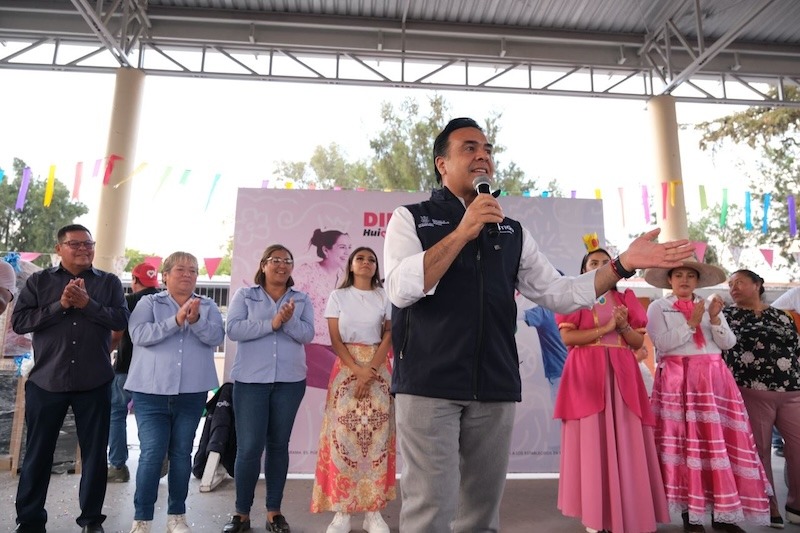 Luis Nava celebra a niñas, niños y mamás de Huimilpan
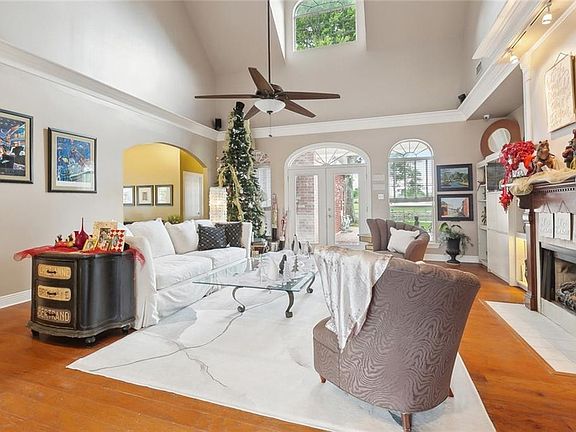 4th image of 2049 Carmel Valley Dr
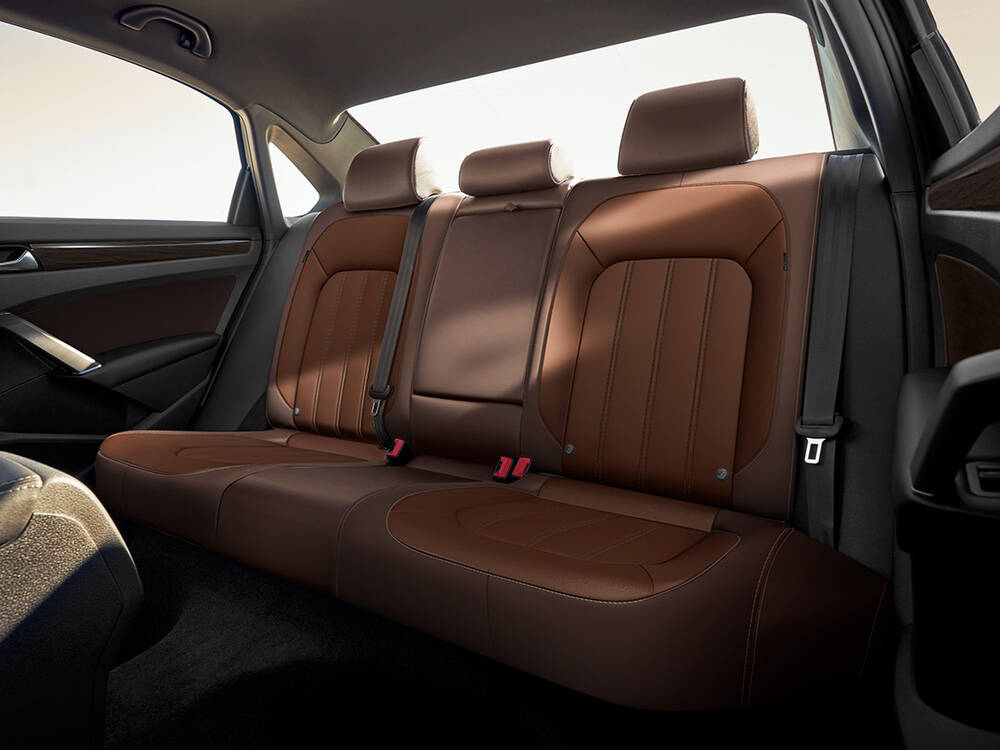 Volkswagen Passat Interior Rear Seats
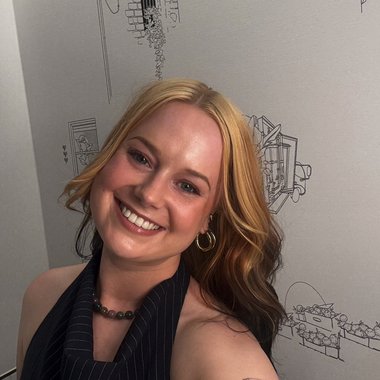 Naomi V. - Freelance Designer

Your objective:
Repeat the line that contains "4th image of 2049 Carmel Valley Dr" and each line after it, through the last line of the listing, exactly and alone; pictures stay out of the repeat.

Result:
 4th image of 2049 Carmel Valley Dr
 Volkswagen Passat Interior Rear Seats
 Naomi V. - Freelance Designer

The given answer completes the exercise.